Alfonso y Luz volvieron sobre sus pasos, hacia la villa. No tenían donde dormir, y con el dinero que poseía, tal vez no se podría permitir una posada, de modo que se sentaron en mitad de una calle y comieron algo antes de volver a partir de nuevo hacia Madrid.

La noche llegó, y aún seguían plantados en aquella calle sin saber qué hacer, cuando una cara familiar se paró frente a ellos.

Era Luis, el médico, que los reconoció y les preguntó cómo les había ido la cosa. El anciano le contó todo lo sucedido en el palacio, y que no sabían qué hacer a partir de entonces.

Él les ofreció pasar la noche nuevamente en su casa, poniendo como excusa que su mujer hacía demasiada comida para la cena y que no quería que se desperdiciara. No aceptaba un no por respuesta, de modo que los tres regresaron al hogar del médico.

Nada más entrar, el ambiente navideño se hizo patente, tanto que Alfonso preguntó extrañado que qué día era, a lo que la mujer de Luis contestó que era Nochebuena.

Comieron hasta hartarse, rieron y se lo pasaron muy bien. Al finalizar la cena, Luis le propuso que se quedaran a vivir en su casa, pero a cambio de que él se encargara de cuidar a su caballo y le ayudará con alguna de las tareas del hogar, pues sabía que el anciano era demasiado orgulloso como para aceptar quedarse sin dar nada a cambio. También explicó que la niña podría ser enfermera en un futuro y ayudarle en su trabajo.

Alfonso aceptó a regañadientes, pero su corazón parecía querer seguir latiendo más y más, porque había encontrado una nueva familia, porque le había cogido cariño a la cría y porque sabía que ellos la tratarían como la hija que nunca pudieron tener.

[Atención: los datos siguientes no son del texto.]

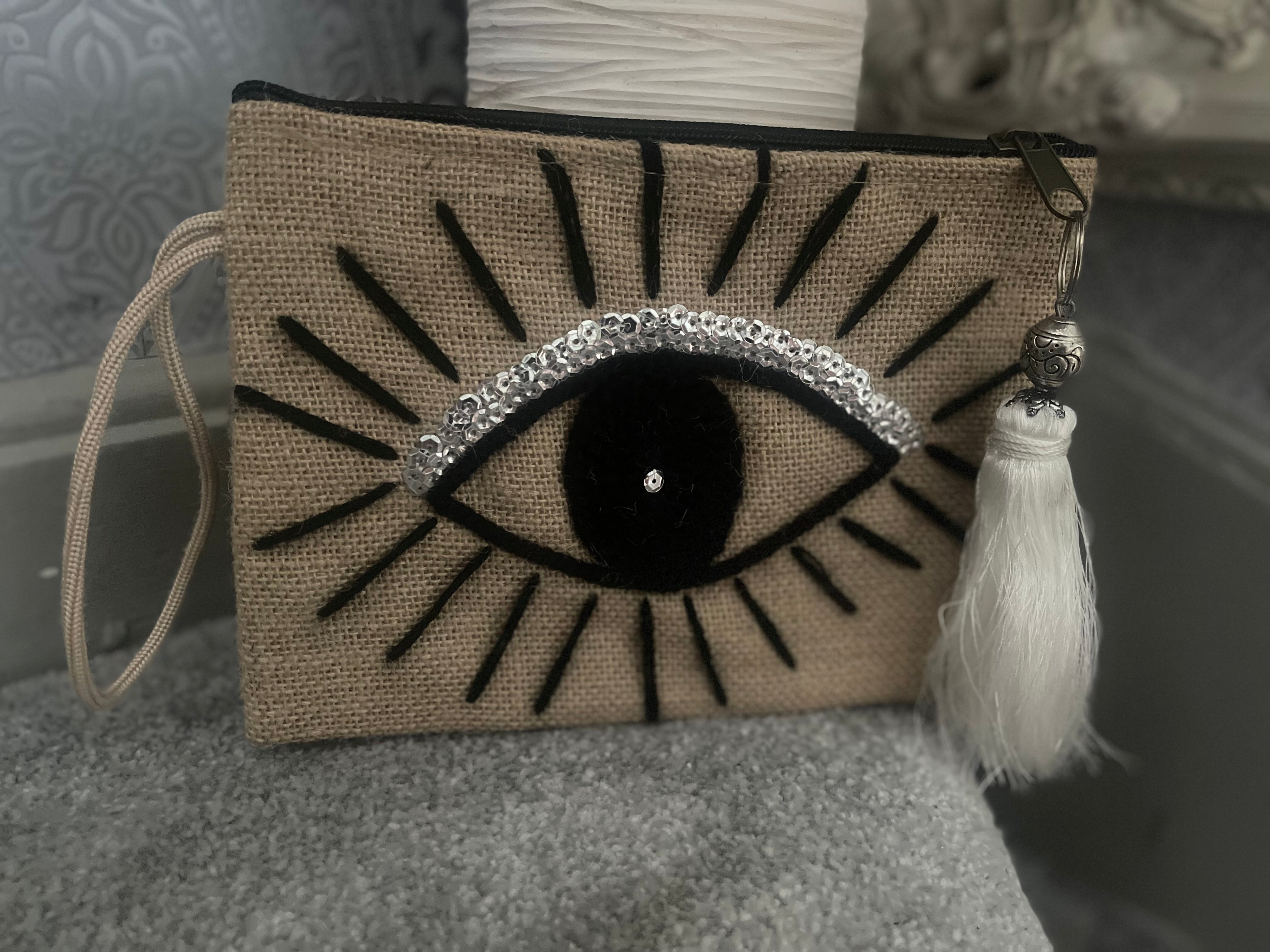 Eye bag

Esa fue la primera Navidad en años que el anciano celebró rodeado de seres que le querían y apreciaban…

Muchos años pasaron desde aquella Navidad que tan feliz hizo sentir a Alfonso. Luz ya había cumplido los dieciséis años, y ambos eran muy felices con aquella pareja que tanto cariño les habían dado.

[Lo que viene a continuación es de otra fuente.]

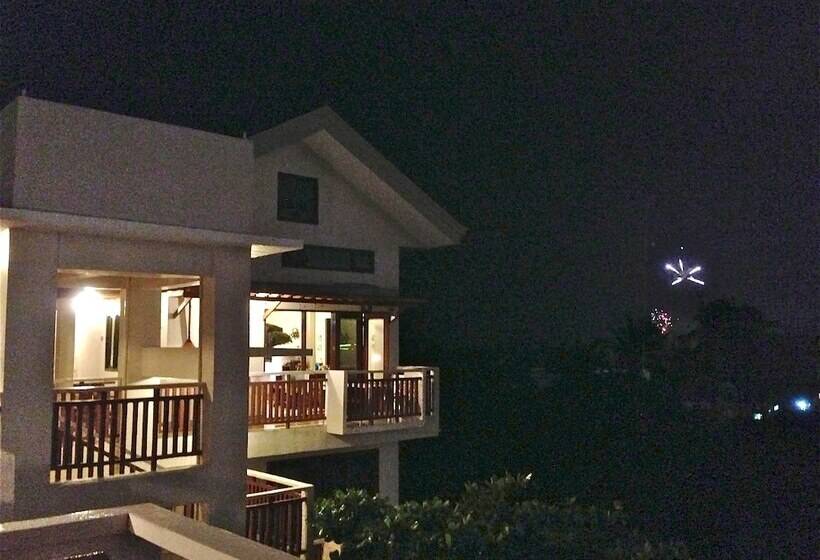 فندق Agos Boracay Rooms + Beds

Pero la vida del anciano se acercaba a su fin. Llevaba varios días en cama, enfermo, pero la luz de su mirada infundía calor y ternura.

Aquella dulce joven, que lo miraba entre lágrimas sentada en su cama, le había devuelto algo que creyó perdido. Sabía que su vida se iba, pero estaba orgulloso de haber podido ayudar a esa niña que se presento en su cabaña hace tantos años.

Miró por última vez su rostro empañado en lágrimas, le dijo “te quiero”, cerró sus ojos y dio su último suspiro…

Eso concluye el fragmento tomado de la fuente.